Be that as it may, Cipla started a new trend in the HIV/AIDS drug market a few years ago by offering generic versions at one-tenth the cost of prevailing brand drug prices. Cipla contends that Roche's "original invention date does not justify the claim for patent," according to Amar Lulla, managing director of Cipla in an interview before the litigation case commenced.
On its part, Roche is not ready to buckle. "If any company launches this product in India, it is an infringement of the patent and we will be forced to take necessary action immediately," Roche India managing director Girish Telang said before filing the patent infringement case.
"The case in India is not about patient access," maintains Ranjit Shahani, vice-chairman of Novartis India. "Lost in this debate is that patents help patients by stimulating the long-term research and development efforts needed to develop breakthrough therapies like 'Gleevec.' Furthermore, India is seeking to expand its research-based pharmaceutical industry. This can only grow if patents are respected, allowing for collaborations with international companies and encouraging R&D investments."
Patent lawyers in Mumbai point out that the developments around "Tarceva" are assuming similar contours as Novartis' "Gleevec" case, with a steep price difference between "Gleevec" and its generic versions ($2600 versus $200).
Although there are conflicting statistics on the number of patients suffering from chronic myeloid leukemia in India, who could benefit from "Gleevec" or its generic, approximately 9000 patients currently get free treatment under a program Novartis runs with the Max Foundation. But critics point out that global drug companies would rather give drugs away than reduce prices in one country, in order to protect rates in developed markets.
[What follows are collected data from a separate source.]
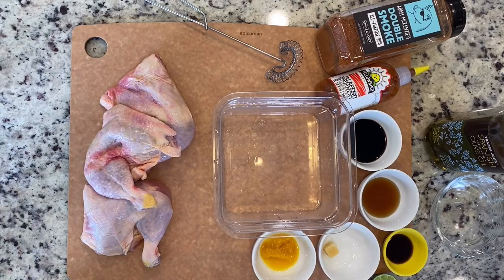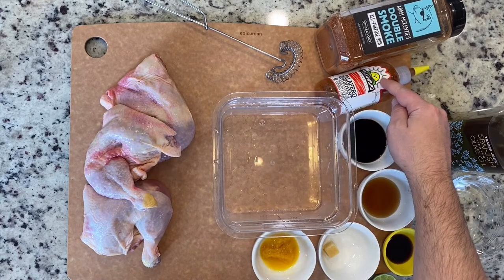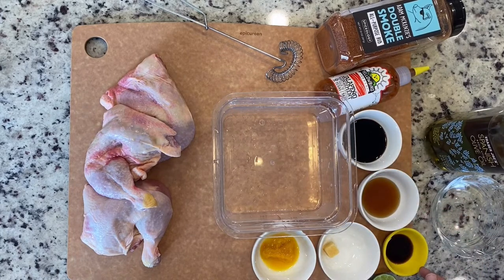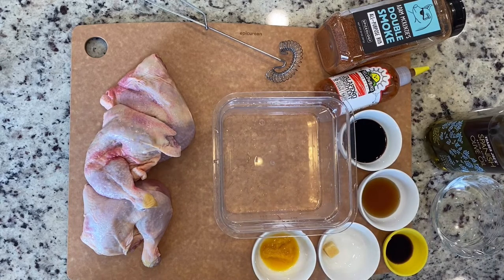For our simple chicken marinade, just thinking about ingredients we have at home during these crazy times: I've got my double smoke rub — any of your favorite poultry rubs will do — yellow bird hot sauce, any of your favorite hot sauces will do, soy sauce, maple syrup, Worcestershire sauce, garlic, a little bit of orange juice concentrate, lime, some water, and some olive oil. Mix that all together, throw in the chicken, and let that marinate for at least 30 minutes.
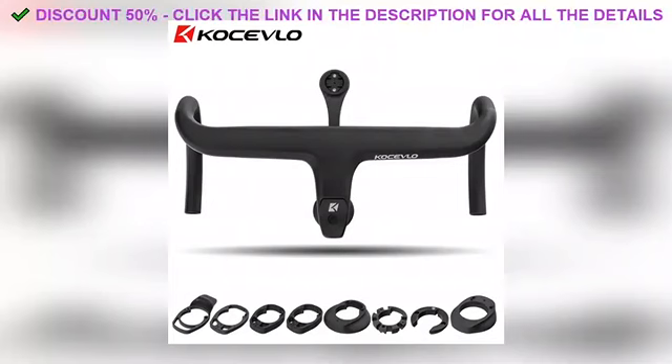And here's the kicker — the price. Usually something that looks and feels this good comes with a high price tag, but this one's super affordable. I was honestly surprised when I saw how budget-friendly it is, especially considering the quality. It's rare to find a product that checks all the boxes without emptying your wallet.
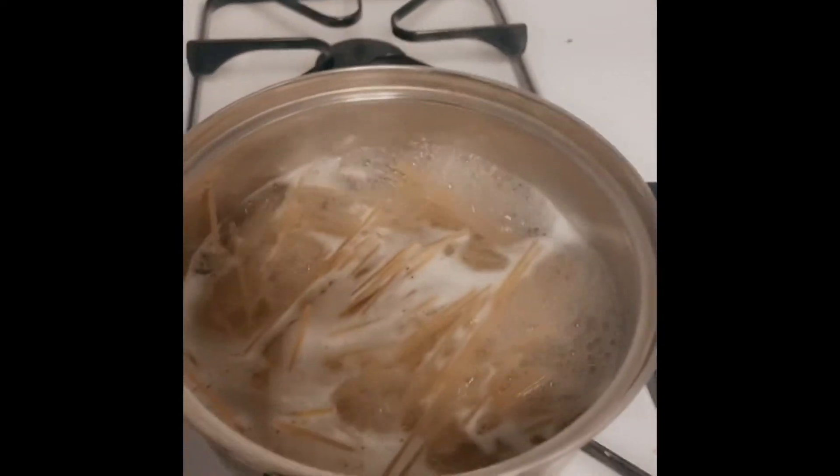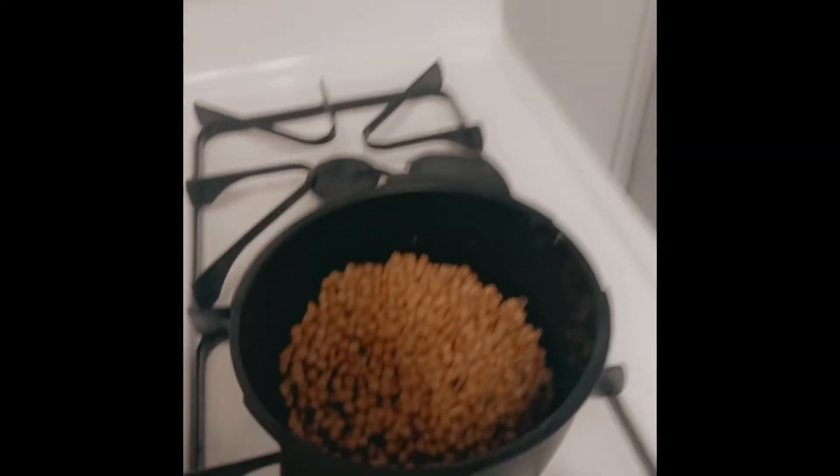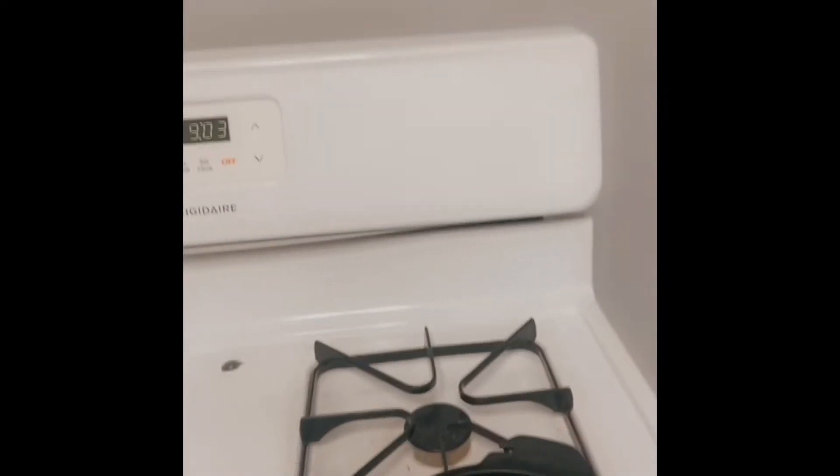Hey everybody, Caitlin here. Today we are making some Barilla Veggie Noodles. They're made with zucchini. We have some freshly drained lentils. We're going to mix it with tomato sauce and spices.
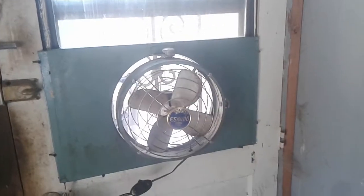It's a 10-inch Eskimo window fan, turnabout model — a knockoff of the Vornadoes, no doubt.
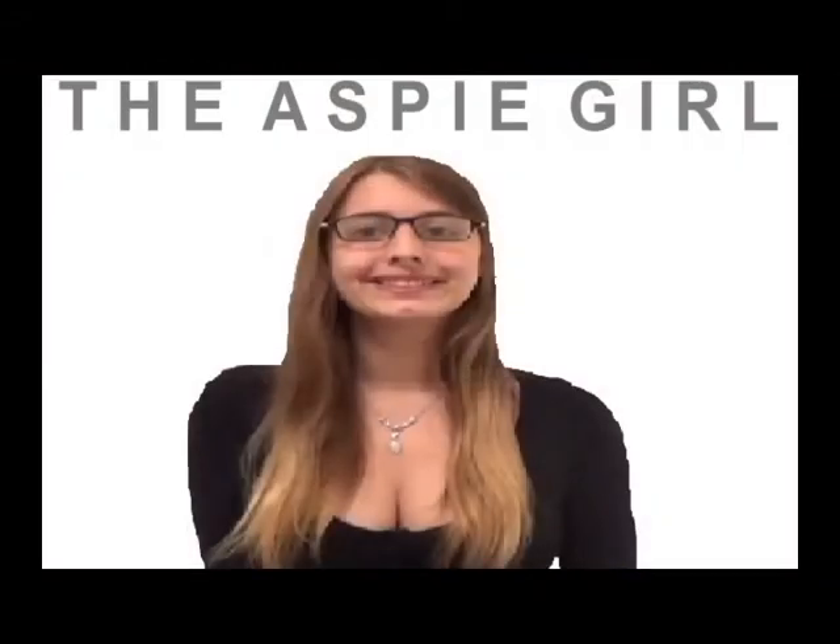I am a girl with Asperger's syndrome. I'm the Aspie girl. Hi guys, it's Alexa. Welcome to my channel.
After it lost out on the patent for "Gleevec," Novartis decided to abandon its plan to set up a research and development center in Hyderabad. Novartis CEO Daniel Vasella has said that he would move millions of dollars in planned investments from India to other locations, primarily China. Indian companies and medical experts though are unfazed.
Comments D. G. Shah, secretary-general of the Indian Pharmaceutical Alliance (IPA), "Patent wrangles have ensured more bargaining power for developing countries. Multinational drug companies have been compelled to cut prices, in some cases, by dramatic margins."
Adds Chan Park, senior technical and policy advisor at the Lawyers' Collective HIV/AIDS Unit, a New Delhi-based group that works to enhance access to treatment, "We know of no more effective means of reducing prices for drugs than robust generic competition."
"Patent fights will encourage domestic pharmaceutical companies to strive for real innovation and not run after trivial changes, as has happened in the USA," declares IPA's Shah. "Ever-greening is famous in the West, which also has regimes supporting minor changes. The liberal patenting regime in the USA permits any trivial change to be patented, whereas the Indian law permits [this] only where there is incremental innovation. This is good for the progress of science and ensures balance between the interests of the consumer and the innovator."
A. Nair is a freelance writer based in Mumbai.